== Raw data ==
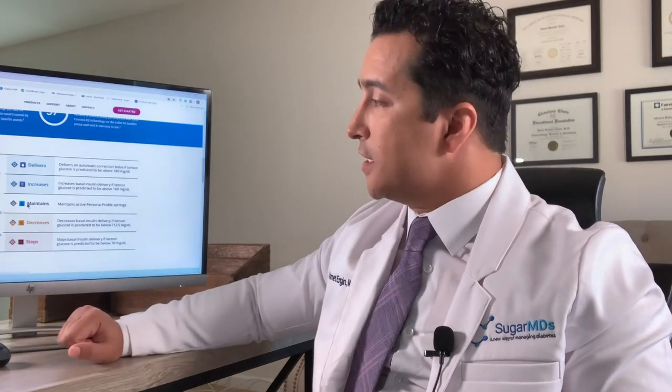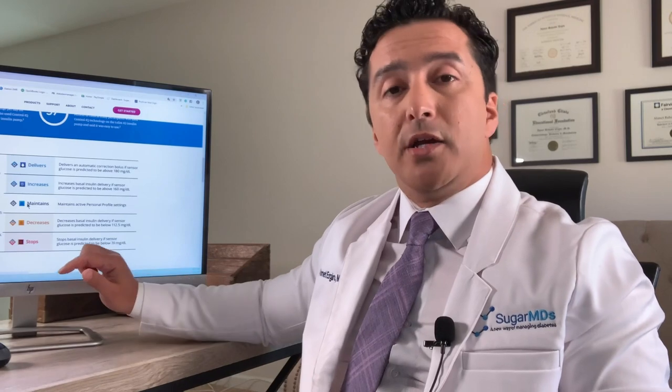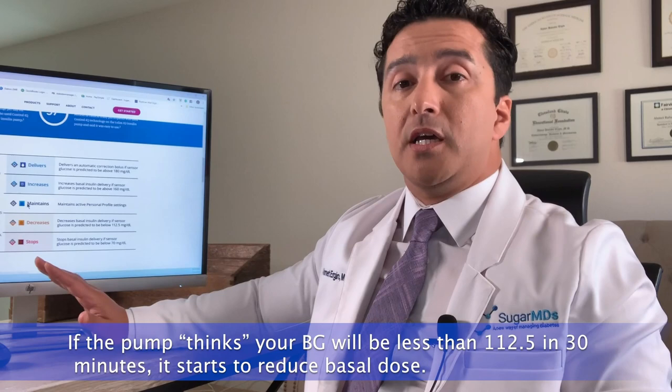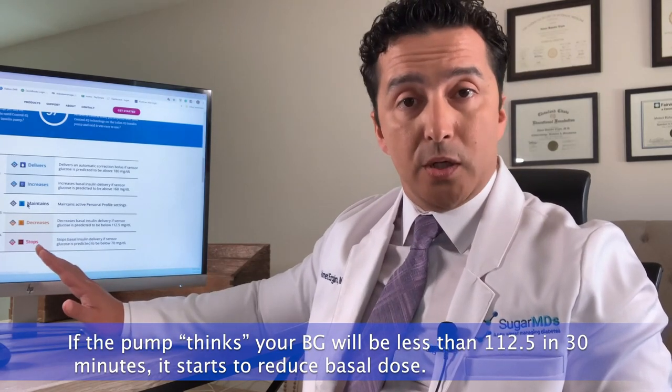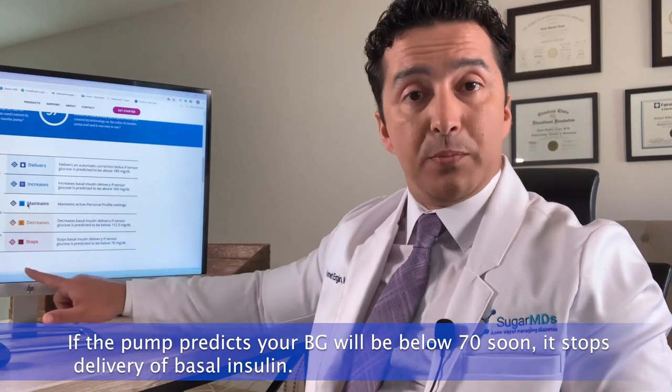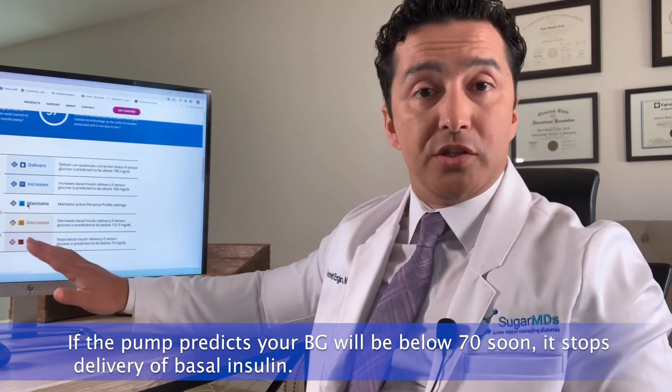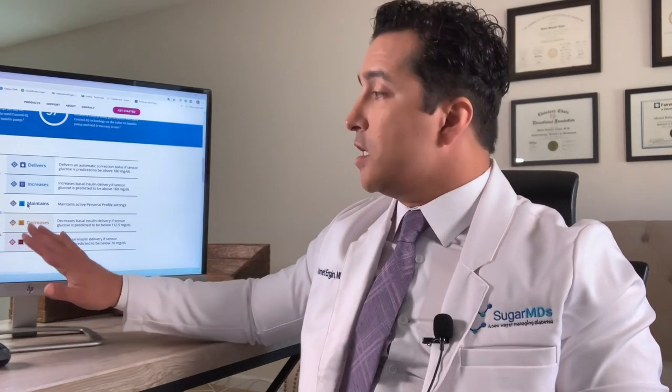There are multiple layers of blood sugar thresholds in Tandem. If the pump predicts your blood sugar will be less than 112.5 mg/dL in 30 minutes, it starts reducing your basal dose. If it predicts you will go below 70 mg/dL very soon, it completely shuts off basal insulin delivery.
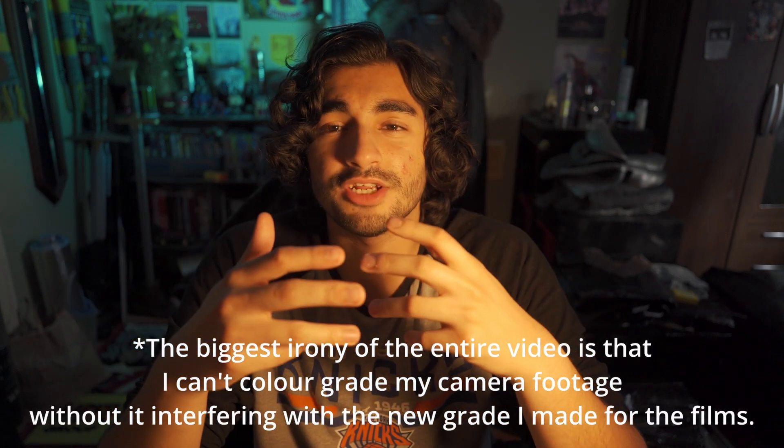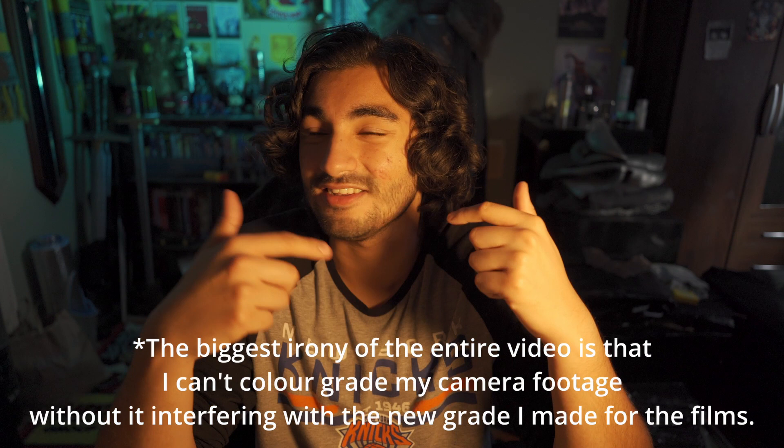So today we're going to be doing something a little different. I wasn't actually going to make this video originally — I was going to do something else — but I've been feeling a bit under the weather recently, so today I thought it would be fun to just recolor grade some Marvel films. From a visual standpoint, a lot of their daylight scenes just look really flat and grey.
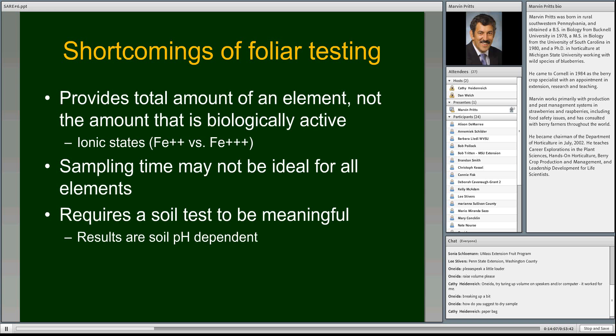Another shortcoming is that we're sampling at one time of year when values tend to be most stable, but that might not be ideal for all elements. It might be better for certain elements to sample in spring or fall. But it's too expensive to do samplings multiple times — the ICP analysis does all nutrients at one shot, and each test costs $20 to $30. Most of the standards have been developed for just those times of year discussed, but it might not be ideal for everything.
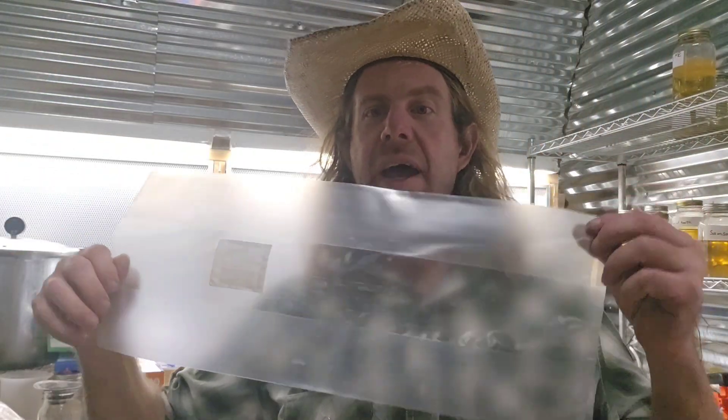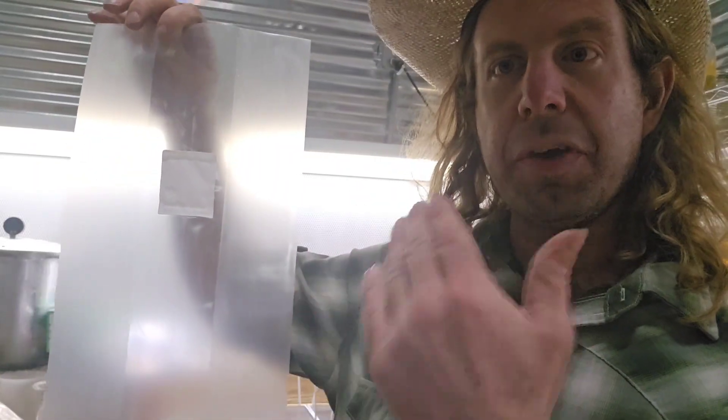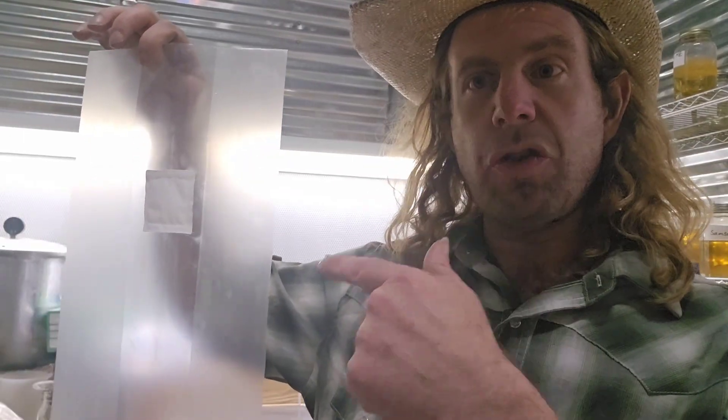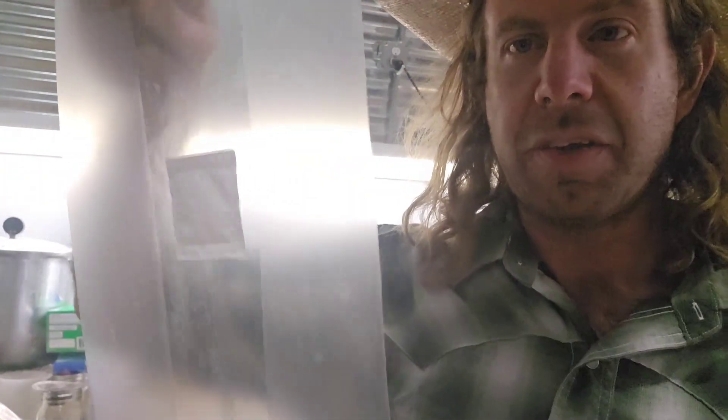Number twenty-five: spawn bags. These are Unicorn bags — specifically a 3T with a 0.2 micron filter patch. When you're making your best no-prep grain spawn recipe, you're going to want to pick up some of these 0.2 micron filter patch spawn bags. Number twenty-five: spawn bags.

== The problem ==
Repeat the data exactly, without the pictures.

== Task output ==
There are multiple layers of blood sugar thresholds in Tandem. If the pump predicts your blood sugar will be less than 112.5 mg/dL in 30 minutes, it starts reducing your basal dose. If it predicts you will go below 70 mg/dL very soon, it completely shuts off basal insulin delivery.
So today we're going to be doing something a little different. I wasn't actually going to make this video originally — I was going to do something else — but I've been feeling a bit under the weather recently, so today I thought it would be fun to just recolor grade some Marvel films. From a visual standpoint, a lot of their daylight scenes just look really flat and grey.
Another shortcoming is that we're sampling at one time of year when values tend to be most stable, but that might not be ideal for all elements. It might be better for certain elements to sample in spring or fall. But it's too expensive to do samplings multiple times — the ICP analysis does all nutrients at one shot, and each test costs $20 to $30. Most of the standards have been developed for just those times of year discussed, but it might not be ideal for everything.
Number twenty-five: spawn bags. These are Unicorn bags — specifically a 3T with a 0.2 micron filter patch. When you're making your best no-prep grain spawn recipe, you're going to want to pick up some of these 0.2 micron filter patch spawn bags. Number twenty-five: spawn bags.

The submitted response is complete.